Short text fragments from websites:
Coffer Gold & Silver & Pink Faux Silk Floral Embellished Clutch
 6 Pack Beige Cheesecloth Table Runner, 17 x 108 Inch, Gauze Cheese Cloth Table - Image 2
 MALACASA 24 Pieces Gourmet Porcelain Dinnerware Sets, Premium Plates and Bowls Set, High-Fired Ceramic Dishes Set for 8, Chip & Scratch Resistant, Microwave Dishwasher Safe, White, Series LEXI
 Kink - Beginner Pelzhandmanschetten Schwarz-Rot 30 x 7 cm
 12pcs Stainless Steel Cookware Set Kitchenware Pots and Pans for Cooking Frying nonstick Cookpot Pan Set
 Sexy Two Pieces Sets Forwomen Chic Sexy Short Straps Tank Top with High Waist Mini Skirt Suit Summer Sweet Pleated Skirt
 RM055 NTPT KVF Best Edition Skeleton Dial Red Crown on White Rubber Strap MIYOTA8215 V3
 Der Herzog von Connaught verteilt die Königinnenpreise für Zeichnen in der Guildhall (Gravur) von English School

### [TASK ITEM]
Every line from the one containing "MALACASA 24 Pieces" through the last line of the entries should be output exactly; nothing else belongs in the reply.

### [SOLVED EXERCISE]
 MALACASA 24 Pieces Gourmet Porcelain Dinnerware Sets, Premium Plates and Bowls Set, High-Fired Ceramic Dishes Set for 8, Chip & Scratch Resistant, Microwave Dishwasher Safe, White, Series LEXI
 Kink - Beginner Pelzhandmanschetten Schwarz-Rot 30 x 7 cm
 12pcs Stainless Steel Cookware Set Kitchenware Pots and Pans for Cooking Frying nonstick Cookpot Pan Set
 Sexy Two Pieces Sets Forwomen Chic Sexy Short Straps Tank Top with High Waist Mini Skirt Suit Summer Sweet Pleated Skirt
 RM055 NTPT KVF Best Edition Skeleton Dial Red Crown on White Rubber Strap MIYOTA8215 V3
 Der Herzog von Connaught verteilt die Königinnenpreise für Zeichnen in der Guildhall (Gravur) von English School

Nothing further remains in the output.